Les échanges de visites diplomatiques s’intensifient : L’Algérie se repositionne sur l’échiquier international
Chef d’Etats, Premiers ministres, ministres… se succèdent à Alger. Le président Tebboune a effectué, en retour, des visites officielles en Turquie, en Italie, en Egypte, en Tunisie, au Koweit et au Qatar. L’Algérie est, tour à tour consultée, courtisée, sollicitée. Elle fait entendre sa voix sur des dossiers sensibles. Elle revient en force dans les affaires continentales et régionales, après une éclipse diplomatique qui aura duré une décade.
Le Conseil de sécurité des Nations unies a relevé, mercredi 31 août, le rôle proéminent de l’Algérie dans la mise en œuvre de l’Accord pour la paix et la réconciliation au Mali, issu du processus d’Alger. Ce n’est ni un hasard ni une complaisance. L’Algérie s’investit réellement dans le règlement du dossier malien et au-delà, dans toute la région du Sahel, déstabilisée par des conflits armés et le terrorisme transfrontalier.

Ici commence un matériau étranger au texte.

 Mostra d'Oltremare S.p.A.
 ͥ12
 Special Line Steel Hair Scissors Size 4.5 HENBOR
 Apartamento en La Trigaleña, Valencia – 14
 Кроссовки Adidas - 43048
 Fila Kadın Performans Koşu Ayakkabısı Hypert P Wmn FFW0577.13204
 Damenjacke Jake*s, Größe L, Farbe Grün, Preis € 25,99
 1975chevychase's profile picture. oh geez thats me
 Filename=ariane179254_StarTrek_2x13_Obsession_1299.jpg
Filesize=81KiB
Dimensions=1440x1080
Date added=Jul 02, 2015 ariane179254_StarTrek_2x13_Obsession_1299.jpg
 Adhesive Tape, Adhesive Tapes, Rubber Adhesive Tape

Son influence s’affirme de jour en jour. Ce n’est pas sans raison que cette question épineuse a été abordée avec le président français Emmanuel Macron, lors de sa récente visite officielle d’amitié en Algérie, et avant lui avec tous les chefs d’Etat ou Premiers ministres –et ils sont très nombreux- avec lesquels le président Tebboune s’est entretenu au Palais d’El-Mouradia ou au cours de ses déplacements d’Etat à l’étranger (Turquie, Italie, Tunisie, Egypte, Koweit et Qatar).

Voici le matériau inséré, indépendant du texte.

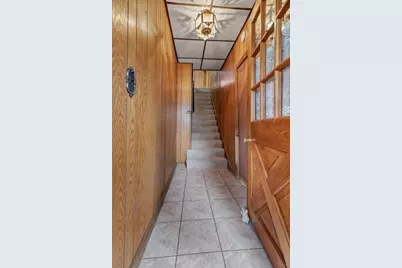 153 Locust St., Winthrop, MA 02152 - Photo 12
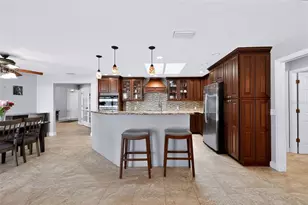 5870 51st St S, Saint Petersburg, FL 33715 - Photo 31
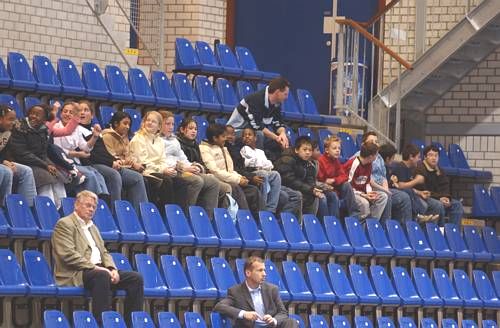 031105_4296.jpg 44560 byte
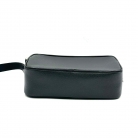 Louis Vuitton toiletry pouch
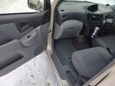  Toyota Funcargo 2002 , 375000 , 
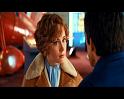 PDVD_1449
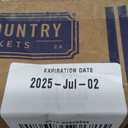 Wine Country Gift Baskets Gourmet Feast Perfect For Family Friends Co-Workers Loved Ones and Client, Best By: Jul/02/2025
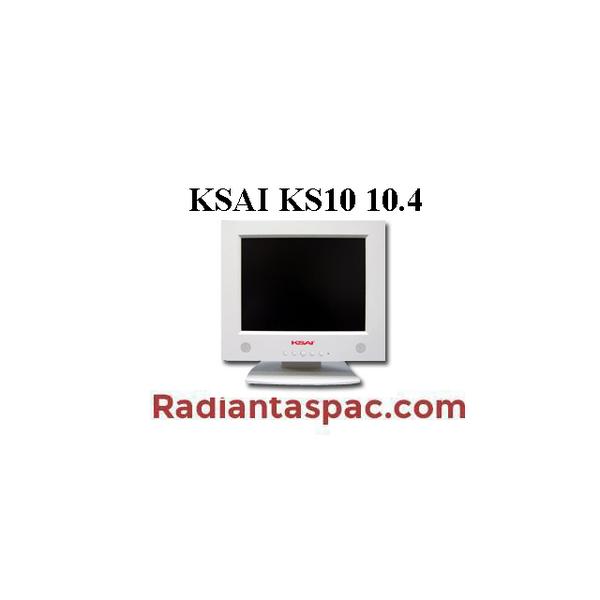RadiantGlobalAP's tweet photo. Low Power Consumption. KSAI KS10 10.4. #letUsFixIt #RadiantAP http://t.co/PnqvmfgKsv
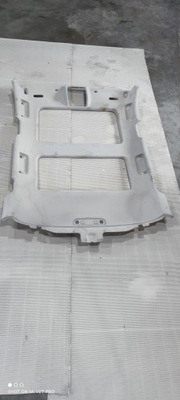 ПОТОЛОК AUDI A3 8P 5D 8P4867505L 4L7 ЛЮК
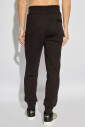 sweatpants-with-embroidered-logo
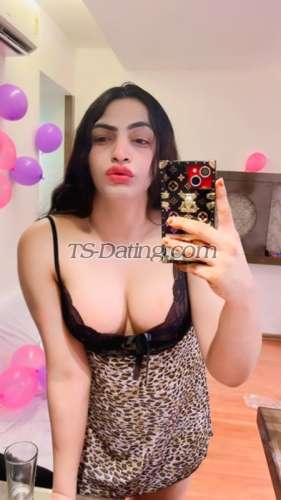 trans girl Honeybaby1 0308764
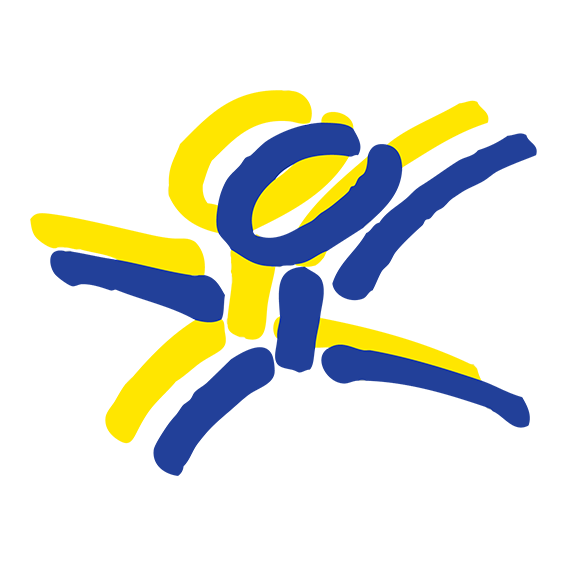 IRSA-Logo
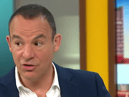 Martin Lewis explained how to check you’re on the right rate of National Minimum Wage when he appeared on Good Morning Britain this morning.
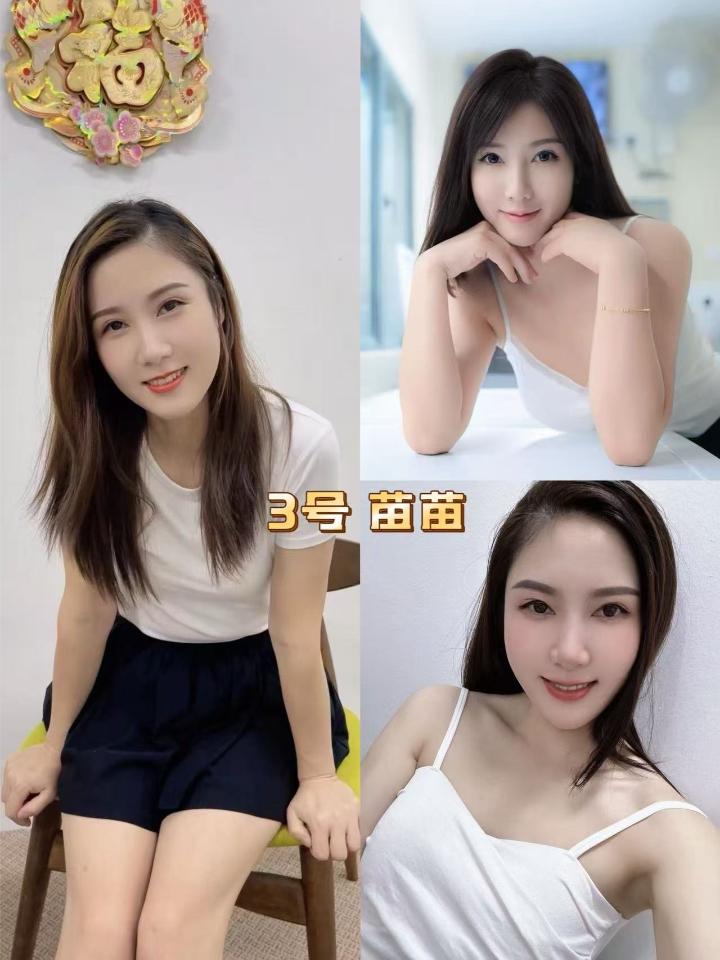 KD倾清泉 (2).jpg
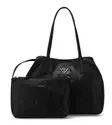 PG951428 - Handbags - 141430 - 1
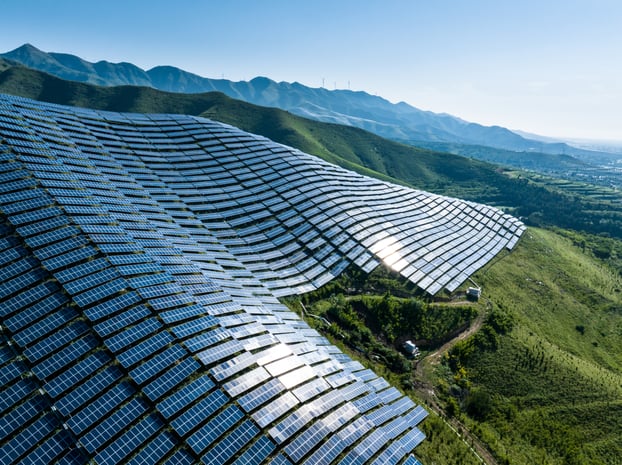 AdobeStock_940465890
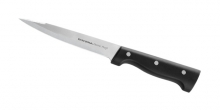 Nóż do wycinania kieszonek w mięsie HOME PROFI 13 cm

Après une éclipse diplomatique, qui a duré une décade, l’Algérie est revenue en force dans les affaires continentales et régionales. Elle se réapproprie son statut d’allié stratégique et d’acteur incontournable. Le pays reprend, aussi en main, le dossier de la Libye, dont les troubles politiques et les violences entre parties rivales menacent les 982 kilomètres de frontières communes. Doucement mais surement, il transcende le lobbying marocain au sein des instances internationales. Le repositionnement a commencé à prendre forme à la Conférence internationale de Berlin sur la Libye, en janvier 2020. Invité par la chancelière Angela Markel (un camouflet pour le Maroc écarté de la rencontre), le président algérien a plaidé en faveur d’une « feuille de route aux contours clairs, qui soit contraignante pour les parties, visant à stabiliser la trêve, à stopper l’approvisionnement des parties en armes afin d’éloigner le spectre de la guerre de toute la région ». Il a encouragé « les parties libyennes à s’asseoir autour de la table pour résoudre la crise par le dialogue et les voies pacifiques et éviter ainsi des dérapages aux conséquences désastreuses ». Il a privilégié le parachèvement du processus électoral, constamment repoussé aux calendes grecques. « L’Algérie n’a eu de cesse de déployer des efforts pour inciter les parties libyennes à adhérer au processus de dialogue, parrainé par les Nations Unies et accompagné par l’Union africaine » a-t-il rappelé. La détermination des plus hautes autorités algériennes à empêcher, par tous les moyens, l’occupation de Tripoli par les milices a induit les effets escomptés. Le belliqueux maréchal Haftar a certes menacé de s’attaquer aux frontières algériennes. Il s’est rétracté rapidement, en imputant le dérapage à une manipulation médiatique. Il assiège, par intermittence, la capitale libyenne sans s’aventurer à la prendre de force.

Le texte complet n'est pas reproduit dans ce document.